Adıyaman çok ilgi çekmeyen bir şehir olmasına rağmen Türk, Kürt, Ermeni, Süryani, Arap vs. halklarının ortak yaşadıkları çok kültürlü güzel bir şehirdir. O şehir kendi sıcaklığı içerisinde sağcısı-solcusuyla dostane ilişkilerde yaratmıştır.

Beynelmilel’deki oyuncuların çoğu dostlarıydı. Cezmi Baskın, Meral Okay, kısa rollerle Kahtalı Mıçe, Dilberay hatta Ece Temelkuran bile vardır.
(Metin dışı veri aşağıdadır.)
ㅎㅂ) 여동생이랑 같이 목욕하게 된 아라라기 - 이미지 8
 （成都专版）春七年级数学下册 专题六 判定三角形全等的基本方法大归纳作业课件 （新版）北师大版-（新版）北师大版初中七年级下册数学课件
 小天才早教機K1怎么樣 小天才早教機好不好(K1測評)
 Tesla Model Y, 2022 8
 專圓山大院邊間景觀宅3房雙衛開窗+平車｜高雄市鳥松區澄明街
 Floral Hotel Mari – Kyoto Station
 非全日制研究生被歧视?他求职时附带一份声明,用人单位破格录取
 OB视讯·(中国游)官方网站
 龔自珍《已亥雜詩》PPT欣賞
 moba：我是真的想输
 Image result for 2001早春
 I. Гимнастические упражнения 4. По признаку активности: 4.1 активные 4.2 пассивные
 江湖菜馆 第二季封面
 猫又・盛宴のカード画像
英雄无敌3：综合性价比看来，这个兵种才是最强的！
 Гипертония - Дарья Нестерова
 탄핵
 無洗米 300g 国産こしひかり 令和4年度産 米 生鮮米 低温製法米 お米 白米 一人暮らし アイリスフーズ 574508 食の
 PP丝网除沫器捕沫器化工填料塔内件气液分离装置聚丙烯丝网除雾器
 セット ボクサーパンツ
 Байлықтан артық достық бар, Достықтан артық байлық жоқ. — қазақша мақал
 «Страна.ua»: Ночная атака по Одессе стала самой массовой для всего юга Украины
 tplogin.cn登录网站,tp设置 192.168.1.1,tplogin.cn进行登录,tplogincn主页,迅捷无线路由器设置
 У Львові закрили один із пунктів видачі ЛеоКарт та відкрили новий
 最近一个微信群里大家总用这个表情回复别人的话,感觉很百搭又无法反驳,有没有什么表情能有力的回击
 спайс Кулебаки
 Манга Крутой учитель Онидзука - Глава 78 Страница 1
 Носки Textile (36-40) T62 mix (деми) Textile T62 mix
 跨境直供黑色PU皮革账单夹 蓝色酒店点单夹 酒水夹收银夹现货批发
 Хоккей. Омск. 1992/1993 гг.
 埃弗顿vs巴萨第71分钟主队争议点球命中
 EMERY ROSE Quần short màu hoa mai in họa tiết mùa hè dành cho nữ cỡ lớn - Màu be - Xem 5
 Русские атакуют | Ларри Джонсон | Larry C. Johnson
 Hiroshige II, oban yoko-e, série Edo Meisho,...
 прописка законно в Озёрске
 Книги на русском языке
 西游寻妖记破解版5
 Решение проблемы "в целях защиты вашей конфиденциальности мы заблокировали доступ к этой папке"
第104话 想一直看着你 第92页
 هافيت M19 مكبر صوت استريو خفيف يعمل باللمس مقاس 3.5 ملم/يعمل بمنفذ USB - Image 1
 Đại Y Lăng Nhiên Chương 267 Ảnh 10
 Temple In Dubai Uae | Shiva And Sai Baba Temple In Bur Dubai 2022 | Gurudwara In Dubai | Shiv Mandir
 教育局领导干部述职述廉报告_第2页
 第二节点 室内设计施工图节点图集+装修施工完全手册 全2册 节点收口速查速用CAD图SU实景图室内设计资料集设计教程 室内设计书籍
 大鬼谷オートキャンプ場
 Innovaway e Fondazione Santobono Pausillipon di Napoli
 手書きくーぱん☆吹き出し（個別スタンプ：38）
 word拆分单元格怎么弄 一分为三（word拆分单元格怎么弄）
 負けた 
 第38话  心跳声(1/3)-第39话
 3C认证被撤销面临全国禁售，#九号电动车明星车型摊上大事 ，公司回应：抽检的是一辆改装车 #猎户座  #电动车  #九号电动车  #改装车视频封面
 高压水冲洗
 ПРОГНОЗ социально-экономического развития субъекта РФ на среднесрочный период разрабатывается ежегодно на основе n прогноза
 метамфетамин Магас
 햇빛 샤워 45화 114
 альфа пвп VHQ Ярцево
Çıkını doluydu demiştik. Art arda kâh kendi senaryosunu yazdığı filmlerde kâh başka filmlerle gözükmeye başladı. Toplayabildiklerimizi buraya alırsak iyi olacak.

Onca yoksulluk arasında Yılmaz Güney’in Duvar Filmini seyrettikten sonra Barış Pirhasan’dan sinema dersleri alır. Sokağın sesini avucunda toplayıp entelektüel dehasıyla arkasına bakmadan güzel şeyler yaratarak adeta bir buldozer gibi yolunu yara yara gidiyordu. Yaşar Kemal, Nazım için ‘Şehzade torunuydu. Bir şiir yazdı kolundan tutup zindana attılar. Bursa zindanında halkı daha yakından tanıdı. Şeh Bedreddin Destanı’nı, Memleketimden İnsan Manzaraları gibi çağlar boyu yankılanacak şiirler yazdı’ dediğinde haklıydı. Bu memleket böyleydi neredeyse yolu zindandan geçmeyen aydın yazar yok gibidir.

Sırrı Süreyya acılı yaşamını yedeğine alarak sahnede oyuncu, Mecliste hatip, sokakta halkının sesi oldu.

Gezi’de kendisini iş makinasının önüne atarak ‘Alın olan canımı, alın, almazsanız namertsiniz, Nizamülmülk müsünüz nesiniz milletin ekmeğiyle oynuyorsunuz.’ diye bağırıyordu.

Bu kısa hayatına ne çok şey sığdırmıştı.

Yine bir gün Türkiye Büyük Millet Meclisi kürsüsünde de dile getirdiği gibi, “Kürt değil, Türkmen”di, ama Kürt halkının dertlerini de dert edinmişti.

Evet bu hatibin kendisinden bir sözü yine buraya alalım; ‘hayat dediğiniz ne ki, bir türkü kadar kısadır’ derken aslında kendisinin yaklaştığı sonunu anlatıyordu.

Ahmet Türk’e ‘Barışı görmeden ölmek yok’ dediğinden çok kısa bir ara sonra tekleyen kalbi onu gece yarısı Florence Nightingale Hastanesinin yoğun bakımına götürmüştü. 18 gün dayanabildi. Bu 18 gün hastane her gün miting alanı gibiydi.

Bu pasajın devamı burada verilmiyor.